Many One-Click Hosters (OCHs) used to operate affiliate programmes that financially rewarded uploaders of popular files. These programmes were controversial for allegedly encouraging copyright infringement. We anaysed publicly observable pay-per-download income on three web sites where uploaders could publish their download links. The inferred income could be quite high in a few cases, but most uploaders earned next to nothing. Since users uploaded a lot of unpopular content and most content was also uploaded by users with low income, we conclude that the affiliate programmes don't appear to be a major driver for copyright infringement, at least on the three observed sites.
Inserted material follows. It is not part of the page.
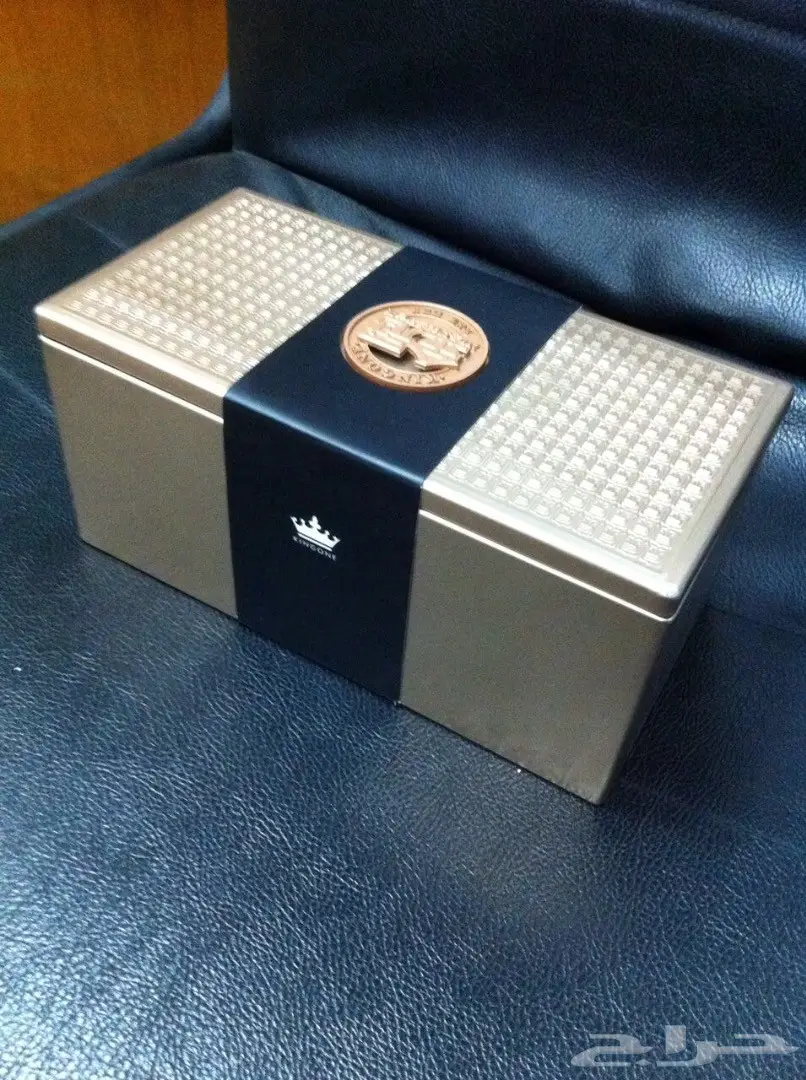 سماعات KINGONE بلوتوث - صوت ممتاز بجودة عالية!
|Tobias Lauinger: Security & Scalability of Content-Centric Networking. Master's thesis, submitted to Technische Universität Darmstadt, Darmstadt, Germany and Eurécom, Sophia-Antipolis, France in September 2010. Advisors: Ernst Biersack (Eurécom), Nikolaos Laoutaris (Telefónica), Pablo Rodriguez (Telefónica), and Thorsten Strufe (TU Darmstadt).
Content-Centric Networking (CCN) is a proposal for a new Internet architecture based on content names instead of location identifiers as it is the case today. While CCN claims to solve several security issues in the current Internet, it also introduces a potential for new attacks. This thesis gives an overview of several denial-of-service and privacy attacks against CCN. It then analyses in detail an attack that compromises the privacy of users by exploiting information stored in network-level caches. The thesis led to the publication of a more detailed technical report and a more general editorial note covering this attack.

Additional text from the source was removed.